Every fall when I know the ground is getting too cold to hold my favorite crops I get the blues. Yes, the commitment to my garden can be a chore at times. Somehow that is vastly overshadowed by the thrill of watching my tomatoes ripen, or creating that tasty dish right from my own back yard. A few years back I knew I had to find a way to overcome those blues. I needed to come up with a way to fulfill my joy of growing and cooking my own crops all year round. It wasn’t that hard to come up with a plan either.
One way to get started is to plant seeds in the soil that are very tolerant to the cold temperatures. Lettuce, Broccoli and Brussels sprouts are just a few that no only survive the chill, but also come packed with nutrition. Spinach, Kale and Collard Greens are also very hardy. You can see a pretty consistent theme. Late fall and winter crops tend to be high in iron, calcium and potassium. Keep these crops happy and you’re sure to get the recommended daily requirement. Bite for bite they are the best savings account you can build for your health.
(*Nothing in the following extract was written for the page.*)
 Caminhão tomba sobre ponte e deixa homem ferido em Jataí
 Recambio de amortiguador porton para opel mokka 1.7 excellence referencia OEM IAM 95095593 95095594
Another way, and by far one of my favorite, is to move the gardening inside. Container gardens come in maybe shapes and sizes. They also come in assorted prices. My best option for a container garden is to purchase strong and sturdy storage containers (usually when they are on sale after the holidays) and place them in a sun filled room. It is also very easy to make your own hanging container of jugs or bottles. These are best for herbs and such and smaller plants. To see how I made my own inverted container see Success With The Inverted Container.
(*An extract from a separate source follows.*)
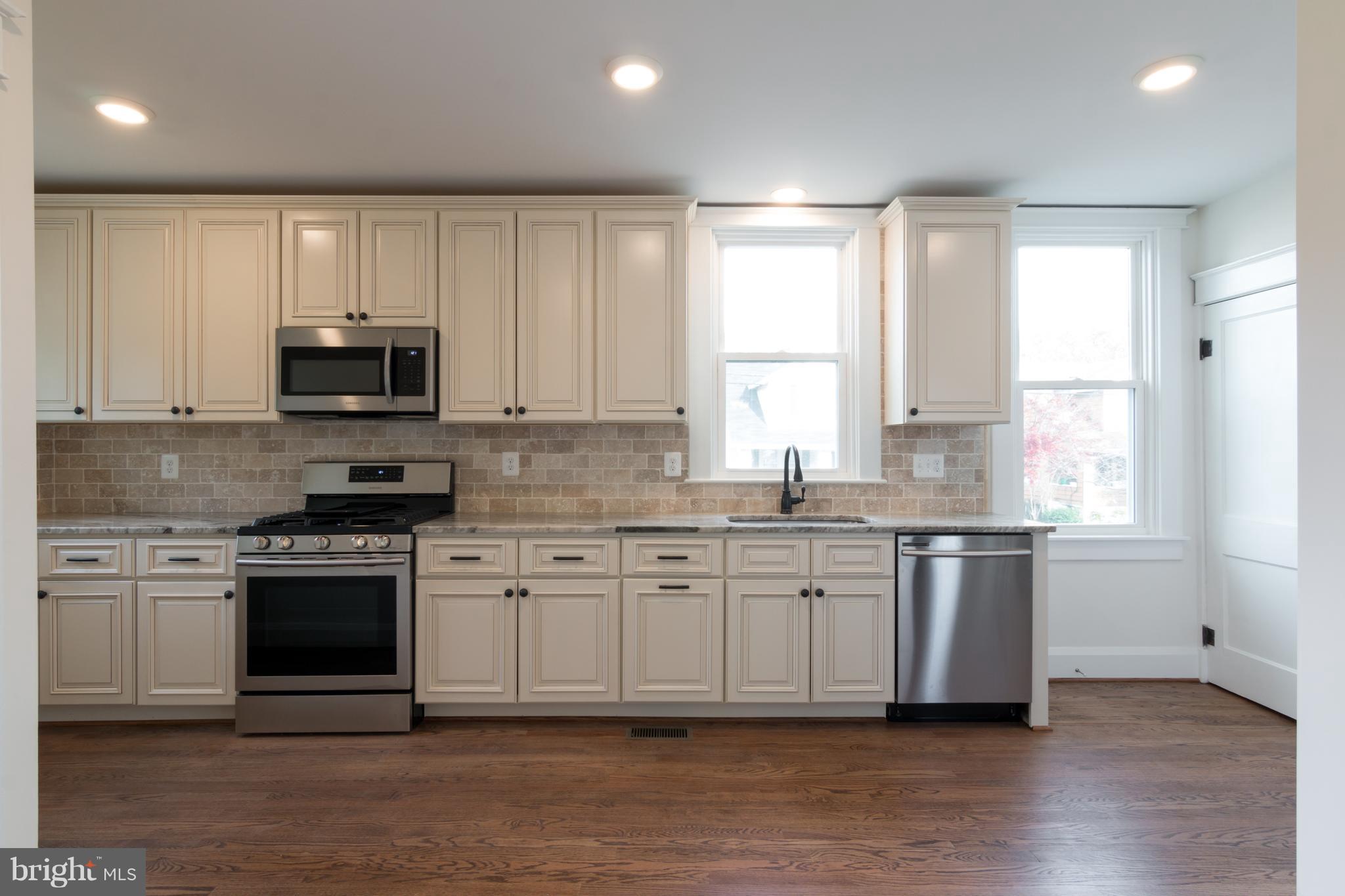 MORGAN PARK - Residential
The container garden has several advantages. I have two container peppers, one green pepper and one jalapeno pepper, growing in my breakfast nook bay window. My husband dug them up in the fall and put them in plastic buckets, so I moved them inside. It’s nice to watch them grow in the sunlight bathed window. I walk from my kitchen just a few steps to my bay window and pick a pepper when I need one to prepare a meal with.
When gardening in winter there are options. Indoors vs outdoors? Indoor you have the comfort of picking crops while avoiding the frigid cold. Outdoors you have the pleasure of enjoying the sun and air. And yes it is true that crops harvested outdoors will produce more vegetables. But, why choose? You can always take advantage of both.